**Given records:**
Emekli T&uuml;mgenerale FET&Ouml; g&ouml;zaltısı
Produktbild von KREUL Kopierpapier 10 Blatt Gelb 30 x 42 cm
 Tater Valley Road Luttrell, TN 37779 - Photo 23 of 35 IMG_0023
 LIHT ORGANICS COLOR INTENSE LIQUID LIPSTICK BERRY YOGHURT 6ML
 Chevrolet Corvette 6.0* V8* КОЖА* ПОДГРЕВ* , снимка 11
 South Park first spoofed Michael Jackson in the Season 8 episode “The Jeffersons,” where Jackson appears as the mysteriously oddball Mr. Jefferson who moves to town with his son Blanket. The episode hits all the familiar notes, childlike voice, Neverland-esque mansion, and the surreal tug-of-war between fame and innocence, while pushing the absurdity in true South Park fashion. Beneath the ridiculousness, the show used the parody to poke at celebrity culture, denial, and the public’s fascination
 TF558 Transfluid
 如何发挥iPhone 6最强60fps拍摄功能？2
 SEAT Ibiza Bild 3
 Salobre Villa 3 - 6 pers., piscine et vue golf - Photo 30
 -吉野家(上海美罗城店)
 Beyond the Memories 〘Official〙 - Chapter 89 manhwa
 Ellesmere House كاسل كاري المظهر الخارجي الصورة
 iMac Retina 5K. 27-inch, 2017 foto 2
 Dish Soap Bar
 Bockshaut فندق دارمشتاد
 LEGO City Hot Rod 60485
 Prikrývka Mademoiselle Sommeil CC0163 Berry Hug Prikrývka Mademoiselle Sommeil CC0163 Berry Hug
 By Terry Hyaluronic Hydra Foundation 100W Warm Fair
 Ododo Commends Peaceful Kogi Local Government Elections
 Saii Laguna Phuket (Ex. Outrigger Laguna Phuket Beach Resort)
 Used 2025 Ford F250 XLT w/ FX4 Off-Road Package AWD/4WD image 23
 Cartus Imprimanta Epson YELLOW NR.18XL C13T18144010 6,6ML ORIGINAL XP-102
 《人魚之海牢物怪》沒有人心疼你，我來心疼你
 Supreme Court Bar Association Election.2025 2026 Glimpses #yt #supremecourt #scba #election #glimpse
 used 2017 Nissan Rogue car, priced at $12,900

**Assignment:** Reply with every line of the material above, unaltered.

**Task answer:**
Emekli T&uuml;mgenerale FET&Ouml; g&ouml;zaltısı
Produktbild von KREUL Kopierpapier 10 Blatt Gelb 30 x 42 cm
 Tater Valley Road Luttrell, TN 37779 - Photo 23 of 35 IMG_0023
 LIHT ORGANICS COLOR INTENSE LIQUID LIPSTICK BERRY YOGHURT 6ML
 Chevrolet Corvette 6.0* V8* КОЖА* ПОДГРЕВ* , снимка 11
 South Park first spoofed Michael Jackson in the Season 8 episode “The Jeffersons,” where Jackson appears as the mysteriously oddball Mr. Jefferson who moves to town with his son Blanket. The episode hits all the familiar notes, childlike voice, Neverland-esque mansion, and the surreal tug-of-war between fame and innocence, while pushing the absurdity in true South Park fashion. Beneath the ridiculousness, the show used the parody to poke at celebrity culture, denial, and the public’s fascination
 TF558 Transfluid
 如何发挥iPhone 6最强60fps拍摄功能？2
 SEAT Ibiza Bild 3
 Salobre Villa 3 - 6 pers., piscine et vue golf - Photo 30
 -吉野家(上海美罗城店)
 Beyond the Memories 〘Official〙 - Chapter 89 manhwa
 Ellesmere House كاسل كاري المظهر الخارجي الصورة
 iMac Retina 5K. 27-inch, 2017 foto 2
 Dish Soap Bar
 Bockshaut فندق دارمشتاد
 LEGO City Hot Rod 60485
 Prikrývka Mademoiselle Sommeil CC0163 Berry Hug Prikrývka Mademoiselle Sommeil CC0163 Berry Hug
 By Terry Hyaluronic Hydra Foundation 100W Warm Fair
 Ododo Commends Peaceful Kogi Local Government Elections
 Saii Laguna Phuket (Ex. Outrigger Laguna Phuket Beach Resort)
 Used 2025 Ford F250 XLT w/ FX4 Off-Road Package AWD/4WD image 23
 Cartus Imprimanta Epson YELLOW NR.18XL C13T18144010 6,6ML ORIGINAL XP-102
 《人魚之海牢物怪》沒有人心疼你，我來心疼你
 Supreme Court Bar Association Election.2025 2026 Glimpses #yt #supremecourt #scba #election #glimpse
 used 2017 Nissan Rogue car, priced at $12,900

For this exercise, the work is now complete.